South Africans Stuck in India Finally Flying Home to SA
South Africans who have been stranded in India for over seven weeks are finally winging their way home to SA today! With money and medicine having run out for many, it is such welcome news. It’s believed the South Africans are being carried on an SAA plane which had brought Indian citizens – who were […]
South Africans who have been stranded in India for over seven weeks are finally winging their way home to SA today! With money and medicine having run out for many, it is such welcome news.
It’s believed the South Africans are being carried on an SAA plane which had brought Indian citizens – who were trapped in SA due to COVID-19 lockdown – over from Joburg to India. That plane departed from SA on Thursday evening.
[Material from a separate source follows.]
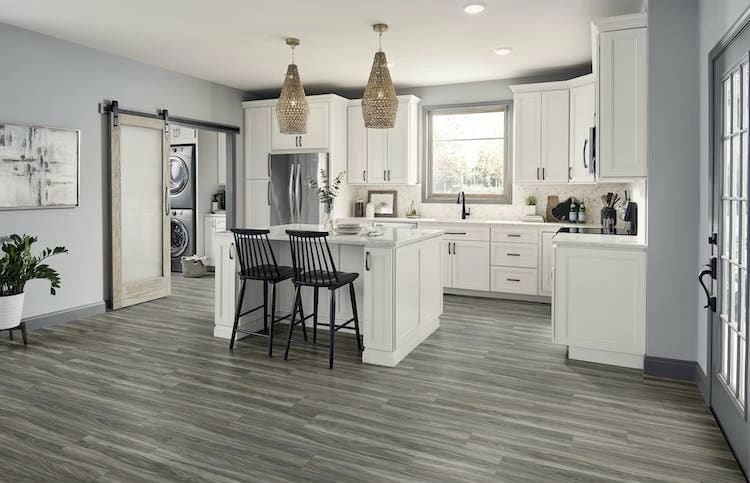RSP108 - Mannington - ADURA PRO Rigid - Elmwood Smoke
Today, Sunday, SAA is flying from Mumbai, via Delhi, carrying South Africans back to Johannesburg.
The South Africans in India – nearly 300 – had become quite distraught that they were being forgotten by the SA government, and a petition had been set up on Change.org.
One of the Saffers stranded in India, Sadhana (Sharon Ryan), wrote a letter on SAPeople pleading with the government to come up with a plan.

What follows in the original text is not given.